In the midst of such placid meta-concerns, Platform stages a plot. As in Particles, events are driven by the confluence of the characters’ jobs and desires. Michel’s a low-level arts administrator, which provides for some low-watt sardony about both art and bureaucratic sinecures, although Michel’s judgments are indifferently generous: “I sensed in him a certain authenticity, but maybe it was simply the authenticity of failure.” Valerie has a real job: She’s in fact in the sojourn biz, designing package tours. In the book’s late turning point (a term which may exaggerate the place of the narrative), the lovers render unto séjours what is Caesar’s; they propose to corporatize sexual tourism.
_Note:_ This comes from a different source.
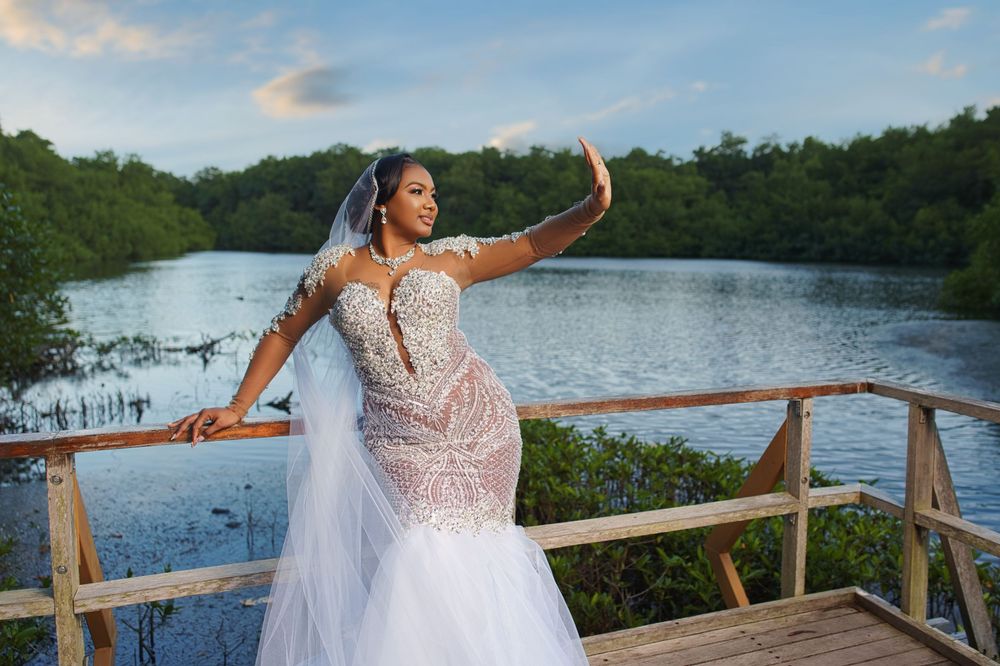 Bride in beaded mermaid gown and veil poses on wooden deck overlooking serene lake surrounded by lush greenery.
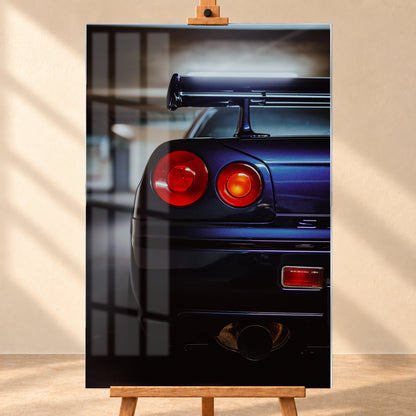 Hochformatige Nahaufnahme des Hecks eines dunkelblau-violetten Nissan Skyline V-Spec von 1999 in einem unscharfen, garagenartigen Innenraum; sichtbar sind zwei runde rote Rückleuchten, ein großer Heckflügel und ein rundes Auspuffendrohr am unteren Bildrand; Visualisierung als Acrylglas-Wandbild, frontal auf einer Holzstaffelei.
A bit to everyone’s surprise, the “Aphrodite” tours, which turn Valerie’s hotelier bosses into international pimps, are an immediate smash—but for a few zealot locals, who take exception to the idea.
What’s at stake is the desacralizing of sex, its final leap into the realm of pure commodity, the role of implacable consumption in cultural imperialism, and whether it’s the characters who are bored by these worthy concerns, or the novel, or just us. Houellebecq’s gift is his capacity to suck the use value out of such ideas, and return them to the public sphere as pure appearance—as part of the mechanism of passionless satisfaction. Well, someone has to make porn perusable on the subway, before one ditches it unfulfilled on the platform; it’s not the kind of book you read once.